TASK DATA:
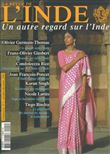 Revue de l'Inde
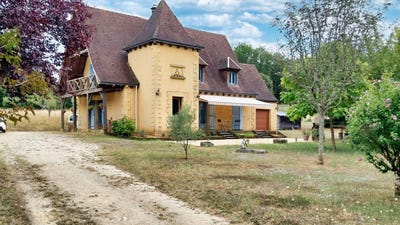 /international/fr/cenac-et-saint-julien-aquitaine-310103768564/
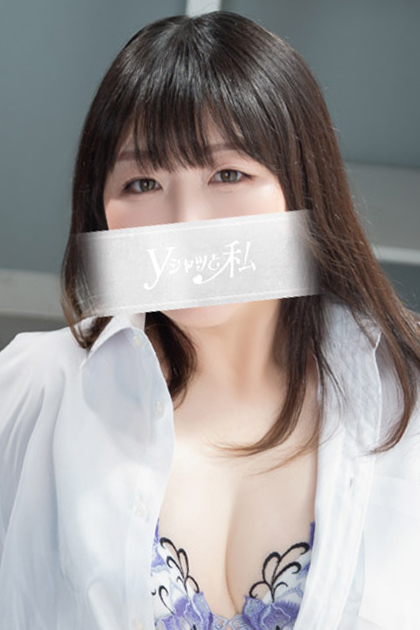 一般すずサムネイル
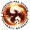 https://static.bongda24h.vn/Uploads/Images/Original/2025/08/21/KEP5bARq-SzeNc3IO-2108064633.png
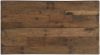 VIDAXL Salontafel Opium 110x60x35 cm gerecycled hout en staal online kopen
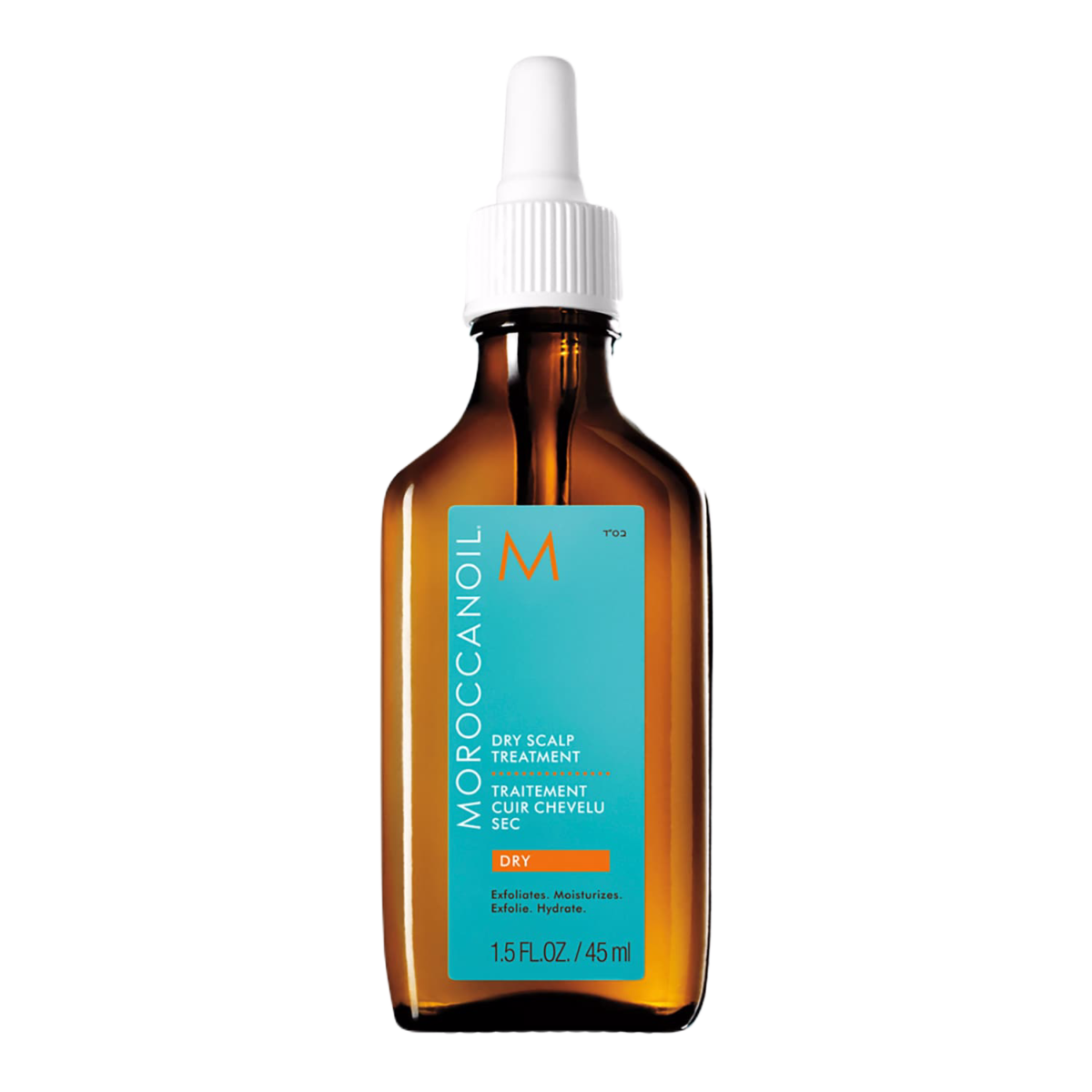 Dry Scalp Treatment 1.579 TL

TO DO: Word for word, restate the records above and drop the pictures.

TASK ANSWER:
 Revue de l'Inde
 /international/fr/cenac-et-saint-julien-aquitaine-310103768564/
 一般すずサムネイル
 https://static.bongda24h.vn/Uploads/Images/Original/2025/08/21/KEP5bARq-SzeNc3IO-2108064633.png
 VIDAXL Salontafel Opium 110x60x35 cm gerecycled hout en staal online kopen
 Dry Scalp Treatment 1.579 TL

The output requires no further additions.